### Instructions to follow
Before copying, set the pictures aside; then repeat every line below verbatim.

[Image-text web data]

-*-*-

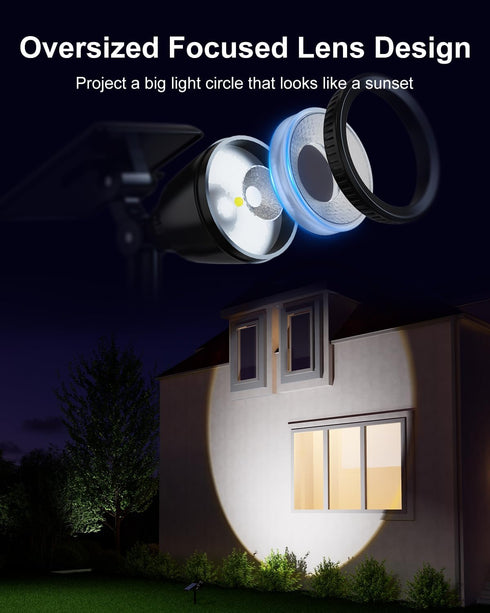 Sunset Solar Powered Spotlight Outdoor Waterproof Spot LED Accent Landscape Uplight for Outside Trees, House Flag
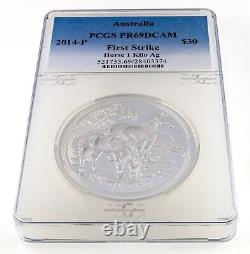 2014-P Australie 1 Kilo. 999 Argent Fin Cheval PCGS PR69DCAM Première Frappe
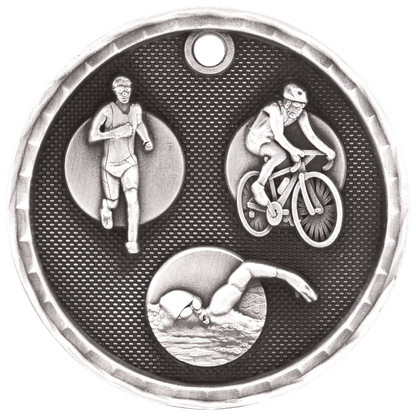 Antique Silver 2" 3D Triathlon Medal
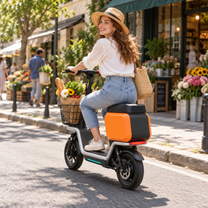 Femme roulant sur la trottinette électrique HX S20 assise dans une rue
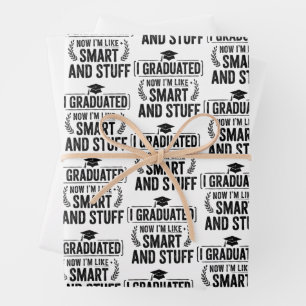 Funny Graduation Graduate Smart and Stuff Ceremony Wrapping Paper Sheets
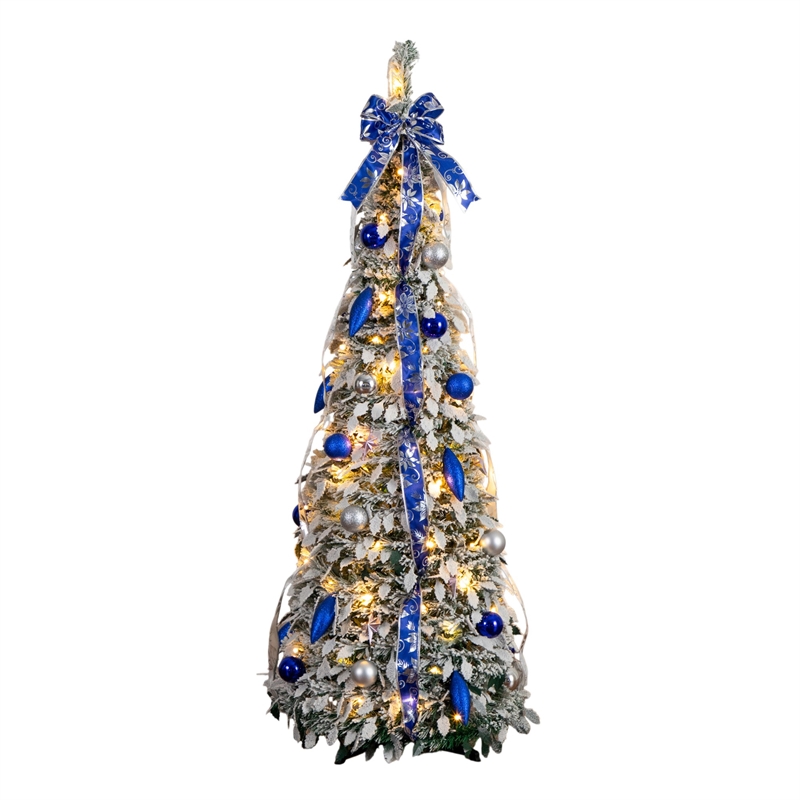 Nearly Natural 5ft Pre-Lit Pop Up Flocked Christmas Tree w/ Ornaments in Silver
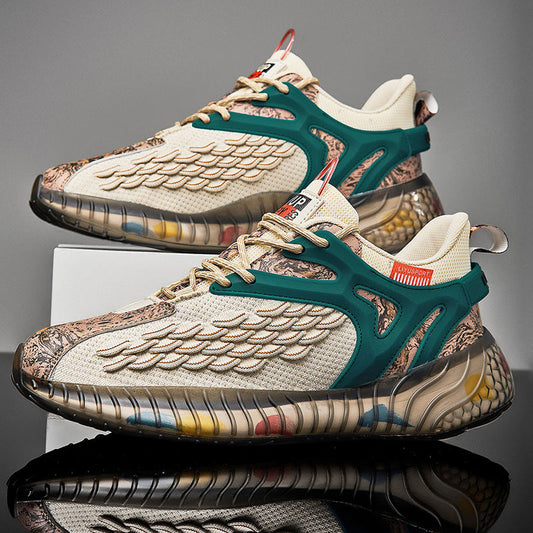 Chaussures Homme Nouveau Printemps Respirant Chaussures de Course Marée Nationale Chaussures de Sport Homme Printemps et Automne Chaussures Décontractées Homme AJ Chaussures Papa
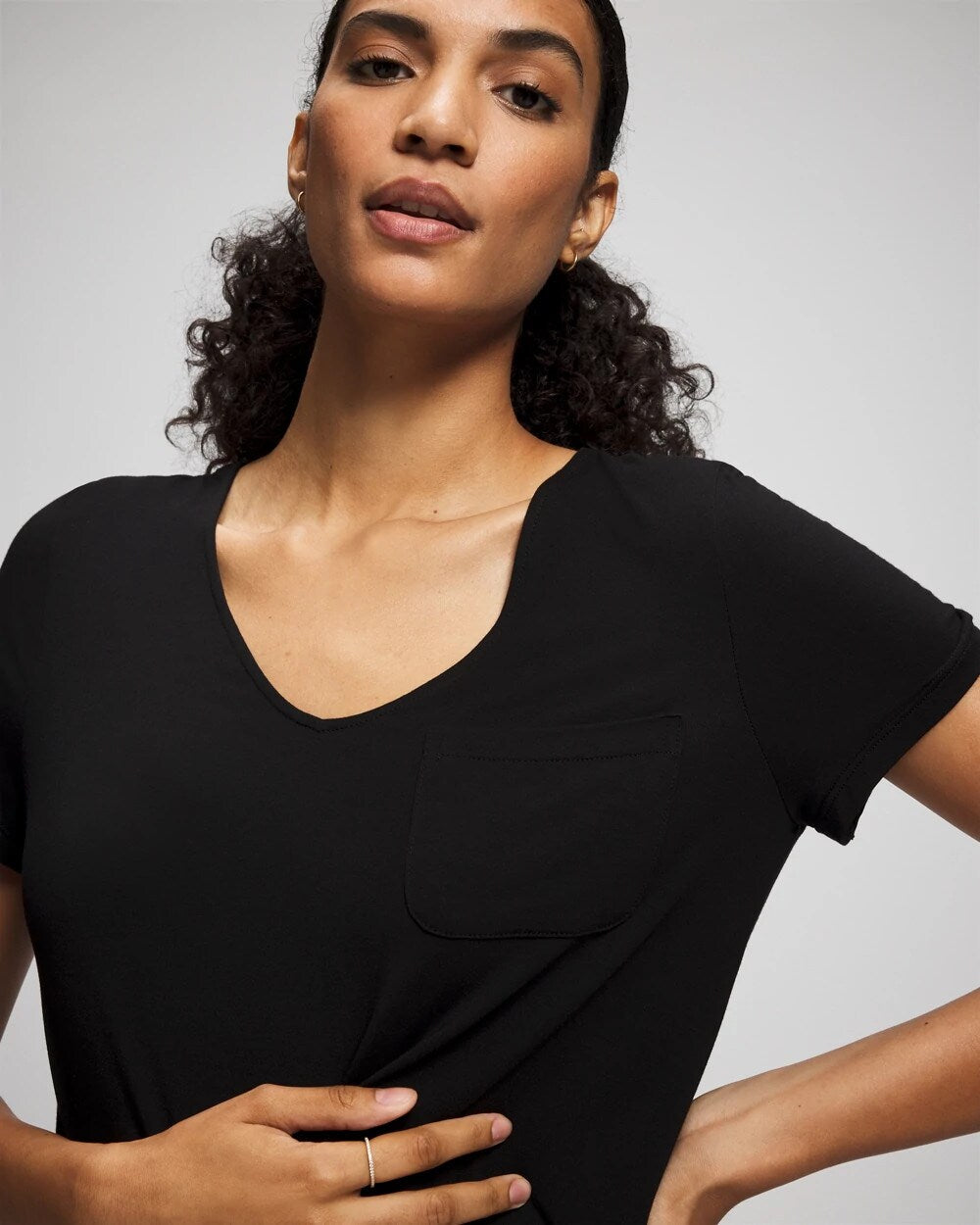 BLACK Short-Sleeve Sleepshirt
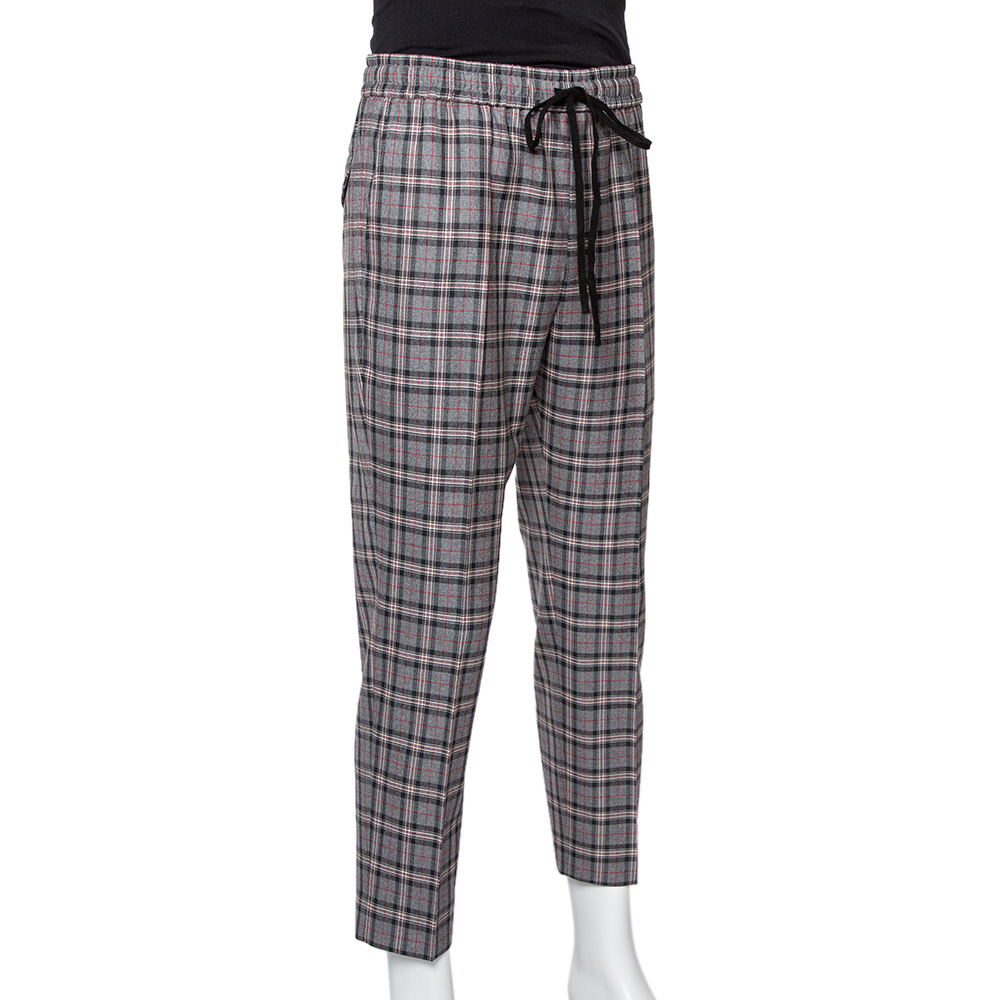 

Gucci Grey Checkered Wool Track Pants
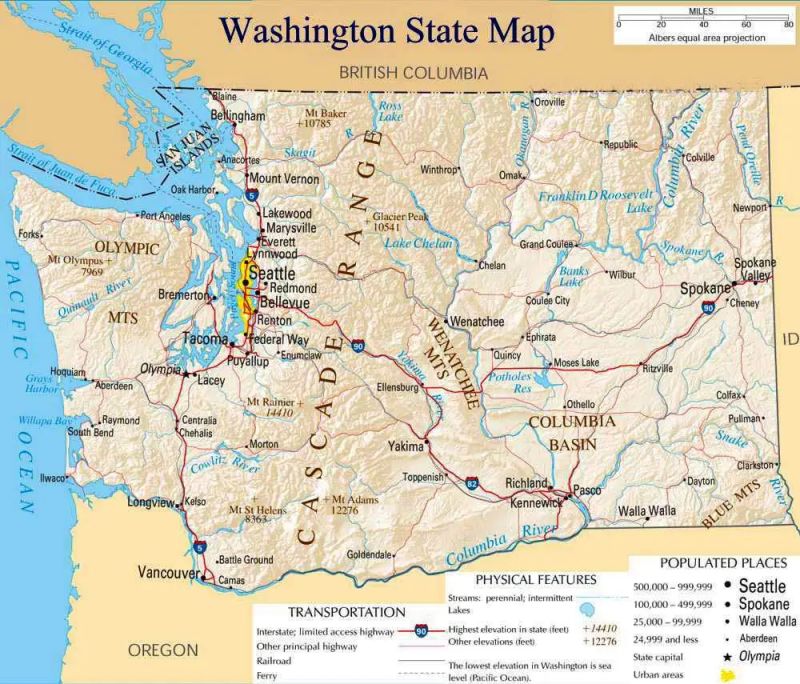 Washington State Map Mapsof Net - Download Modern Ocean Design | HD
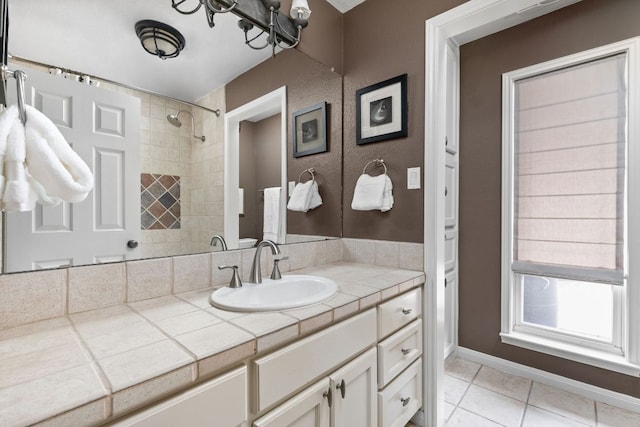 6702 Elfland Dr, Austin, TX 78746 - full bathroom with vanity, tile patterned flooring, and a shower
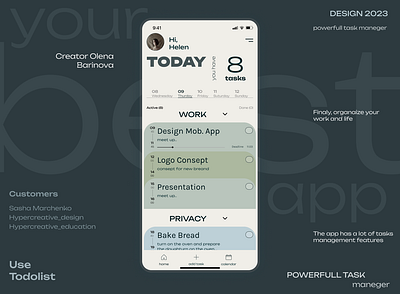 Task Managment Mob. App design typography ui ux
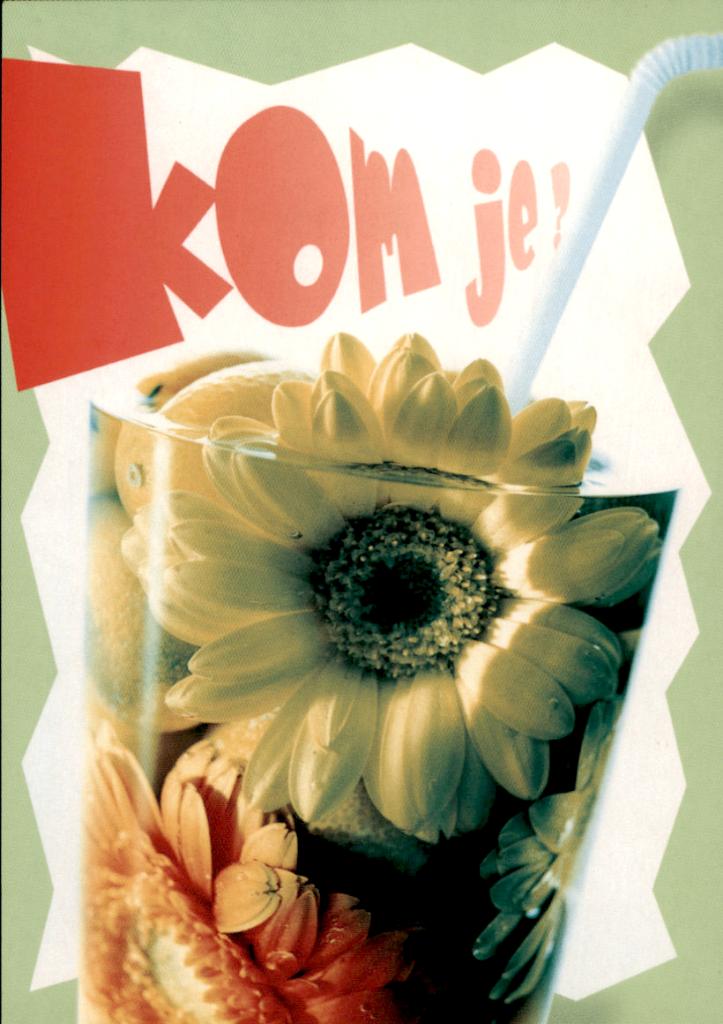 glas met bloemen, Kom je? 25 jaar kom in de kas, Verzenden, 1980 tot heden, Ongelopen, Overige thema's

-*-*-

### Exercise answer
 Sunset Solar Powered Spotlight Outdoor Waterproof Spot LED Accent Landscape Uplight for Outside Trees, House Flag
 2014-P Australie 1 Kilo. 999 Argent Fin Cheval PCGS PR69DCAM Première Frappe
 Antique Silver 2" 3D Triathlon Medal
 Femme roulant sur la trottinette électrique HX S20 assise dans une rue
 Funny Graduation Graduate Smart and Stuff Ceremony Wrapping Paper Sheets
 Nearly Natural 5ft Pre-Lit Pop Up Flocked Christmas Tree w/ Ornaments in Silver
 Chaussures Homme Nouveau Printemps Respirant Chaussures de Course Marée Nationale Chaussures de Sport Homme Printemps et Automne Chaussures Décontractées Homme AJ Chaussures Papa
 BLACK Short-Sleeve Sleepshirt

Gucci Grey Checkered Wool Track Pants
 Washington State Map Mapsof Net - Download Modern Ocean Design | HD
 6702 Elfland Dr, Austin, TX 78746 - full bathroom with vanity, tile patterned flooring, and a shower
 Task Managment Mob. App design typography ui ux
 glas met bloemen, Kom je? 25 jaar kom in de kas, Verzenden, 1980 tot heden, Ongelopen, Overige thema's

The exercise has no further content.